The majority - 82% - of the loans taken using the scheme were by first time buyers.

Sarah Coles, Personal Finance Analyst, Hargreaves Lansdown, commented:

“We’ve been snapping up Help to Buy loans in this year’s homebuying frenzy, and the 12 months to the end of March saw the highest number of loans on record. But while rising prices make this scheme particularly handy for those struggling to raise a bigger deposit, they also bring extra risks.

"Help to Buy equity loans provide an answer to the impossible question of how to buy in a rapidly rising property market. Most people who use them have a 5% deposit (54%), and the scheme stops them battling to raise a bigger percentage of the property price at a time when the average property rose more than £27,000 in a year.

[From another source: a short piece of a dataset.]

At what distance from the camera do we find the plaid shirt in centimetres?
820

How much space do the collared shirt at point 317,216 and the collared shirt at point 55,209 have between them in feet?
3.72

"However, while Help to Buy loans offer a solution to those struggling to buy in a rising market, the way they work means the same rising market will have a sting in the tail for anyone who takes advantage. When the loan is eventually repaid to the government, the amount that needs to be paid back depends on the value of the house at that time. If you borrow 20% of the purchase price, you repay 20% of the value after five years, so when prices rise, so do your repayments.

"If you borrowed 20% from the government to buy the average property in May 2015, and then you repaid the loan in May 2020, you’d have to pay back £5,318 more than you borrowed. The rising market in the past 12 months means that someone doing the same a year later would have had to repay £8,751 more than they borrowed - so the rising market cost them almost £3,500."